Ella
llegaba la primera a la oficina del Juzgado de Paz. Subía con dificultad las
dos plantas hasta llegar al hall luminoso y blanco. Su llave era importante.
Tan importante como ella. Abría con importancia la puerta importante por donde
se accedía a un pequeño pasillo y entonces asía otra llave más importante aún
que la anterior: esta llave abría el despacho del Juez de Paz.
Una
estantería, una mesa, unas sillas y un antiguo pero muy importante ordenador.
Ella se sentaba a la derecha del pequeño Juez de Paz como si se sentara a la
derecha del Padre con un jersey más o menos caro. Cuando recibían declaración a
las partes comparecientes en un procedimiento, ella sacaba de un cajoncillo con
parsimonia un sello con un estuche de tinta importante. El pequeño Juez de Paz
golpeaba con soltura e importancia sus tres dedos hábiles sobre el teclado.
Mientras, ella frotaba con delectación el sello contra la almohadilla de tinta.

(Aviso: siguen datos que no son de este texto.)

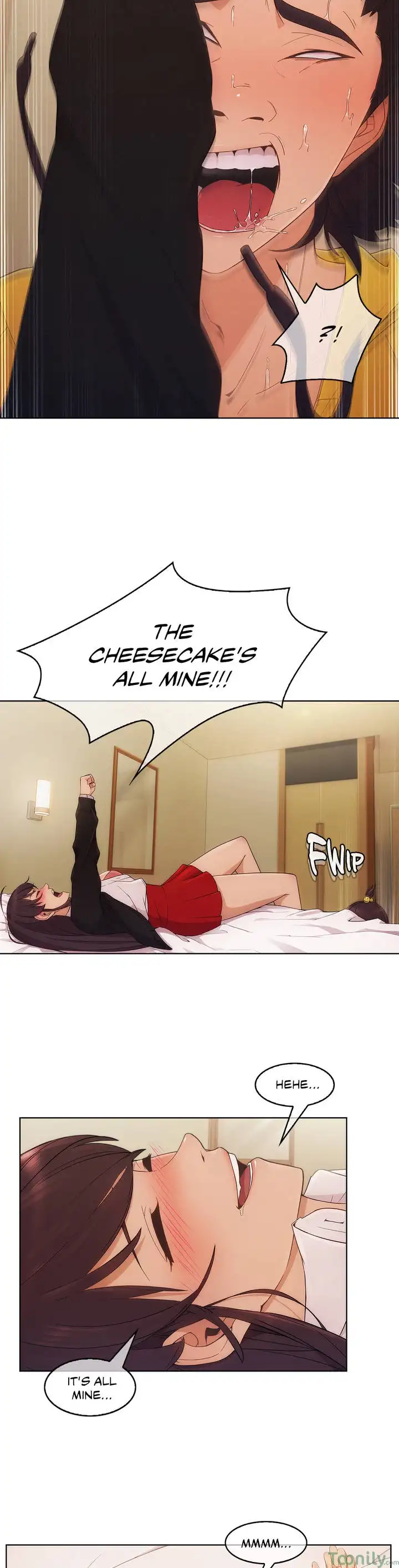 Read Sweet but Psycho chapter 3 image 25 on Lezhin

Casi con lujuria, presionaba de forma circular ese tampón sobre la esponja para
que se empapara bien del ungüento. Justo en el preciso instante en que el sello
se estampara en el papel, se produciría el clímax laboral de la mañana. Un
sello oficial, importante, redondo y bonito.
Mientras
contoneaba el sello sobre la almohadilla de tinta azul, ella sentía una subida
de oficialidad y su mirada se abstraía con una sonrisa lejana y leve. Una
apostura de suficiencia y sabiduría redondeaba el grandísimo paréntesis de su
orondo cuerpo. Cuando la impresora expelía el documento ella cambiaba de tarea.
Era entonces cuando del cajoncillo extraía misteriosamente un bolígrafo azul
marca Bic, modelo Cristal y matrícula sin identificar. Con la soberbia que
confiere el servilismo, acariciaba el bolígrafo como si el pequeño Juez de Paz
fuera a firmar un Tratado Internacional.
Quitaba
la capucha azul del bolígrafo, descubría impúdicamente la brillante punta del
adminículo y, con soltura y destreza encajaba la citada capucha en el otro
extremo del boli. A continuación, se lo daba al pequeño juez quien -siguiendo
la liturgia- esperaba a que ella estampara el sello sobre el documento lentamente,
sin prisa, a fuego lento. Y así era como un simple folio quedaba preñado por el
santo espíritu de la oficialidad. Mediante el sello se había producido la
transfiguración de una simple hoja de papel en una nueva criatura
administrativa que saldría al mundo jurídico para circular por el tráfico
procesal.
El
milagro de la vida se completaría con la firma del pequeño juez cerca del
sello. Así pues, la mano blanca e impoluta se elevaba unos centímetros sobre el
papel y empezaba a dibujar en el aire pequeños círculos antes de iniciar la
escritura. Cuando, por casualidad y desdén, se posaba sobre el folio la mano
dibujaba una firma preciosa y finísima. Así debió ser la firma de Dios cuando
rubricó el mundo. En esa firma debió pensar Miguel Ángel cuando terminó la
Capilla Sixtina. Esa debió ser la firma del big-bang. La felicidad se pasea por
las curvas de esa rúbrica.
Una
vez concluido el acto, ella cubrió la punta de tinta del bolígrafo con su
capucha azul como si tapara un sagrario con el Santo Grial en sus adentros.
Cerró la cajita de la tinta almohadillada y la guardó con el tampón, aún
húmedo, dentro del cajoncillo de la mesa. Todo había concluido.
Después
de la labor de ese día decidieron tomarse un merecido descanso y marcharon con
esa sensación que solo proporciona el deber cumplido, a ingerir un café con unos
churros enormes a un acogedor bar del pueblo. Ella respiró hondo: era feliz.